Earlier research at the Engineering Intellectual Property Research Unit confirms that there is greater risk of coming second in the patent ‘race’ in technical fields - such as green energy - in which there is a high rate of growth in the number of patent applications being filed.

This is but one of many ways of using intellectual property in engineering business.  You should of course seek professional advice on your own particular circumstances.

Saturday, 4 January 2014

A picture paints a thousand words …

… however, where a patent application is concerned, a picture may not always paint the words wished for by the inventors.  Hence the need in a patent application for written claims and detailed technical description.

This was the experience of AP Racing when it went to the UK courts to assert its UK patent for a brake caliper ‘in which each of the stiffening bands has a profile that is asymmetric about a lateral axis of the body when viewed in plan.’  AP Racing had previously added this ‘feature 6’ to the main claim of the patent application during the examination process before the UK IP Office.

According to the court, AP Racing ‘accepted that the text of feature 6 is not to be found in the [original] application document’ but noted that ‘AP Racing also relies on the point that it can be seen simply by looking at the figures [of the original application document] that the peripheral stiffening bands are asymmetrical’.
 
However, the court did not agree with this point, concluding that it did ‘not believe anyone reading the [original] application would have derived from the application a concept at the same level of generality as feature 6’ and declaring the claim invalid on the grounds that extra subject-matter had been added to the application in the course of the examination process.
 
More detail on the challenges in protecting optimised designs of brake calipers can be found in Tirović, M. and Hartwell, I.P. (2013) ‘Design optimisation – challenges in protecting intellectual property’, Int.

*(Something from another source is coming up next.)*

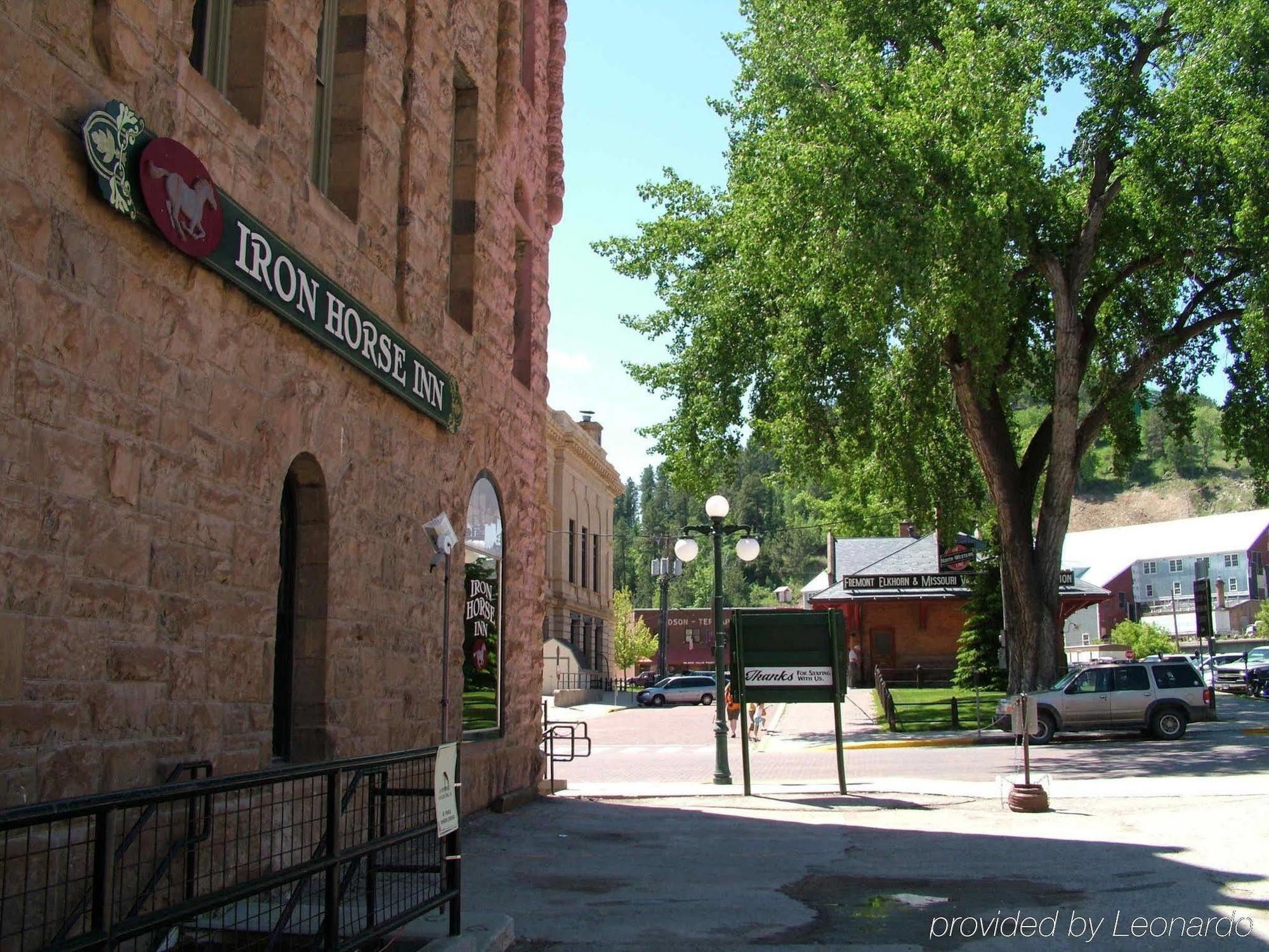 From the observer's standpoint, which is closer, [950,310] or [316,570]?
[316,570]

J. Intellectual Property Management, Vol. 6, No. 3, pp.159–177.
 
This is but one of many ways of using intellectual property in engineering business.  You should of course seek professional advice on your own particular circumstances.

Monday, 2 September 2013

SoundAlert Ltd

Protected engineering intellectual property can increase the likely financial return from engineering technology and enable more ways of making a financial return.

A recent illustration of the latter comes from the automotive industry. SoundAlert Ltd was formed in the mid-1990's to exploit directional alarm technology developed by a Leeds University professor.  Having protected the technology by patents, the company pursued a licensing business model but went into administration in 2008.

The administrators subsequently pursued a different business model, selling the patents to Kent-based Brigade (BBS-TEK) Ltd.  Brigade then pursued a manufacturing business model, in the course of which they asserted the UK patent against a competing vehicle alarm sold by Leicestershire-based Amber Valley Ltd.
   
This is but one of many ways of using intellectual property in engineering business.  You should of course seek professional advice on your own particular circumstances.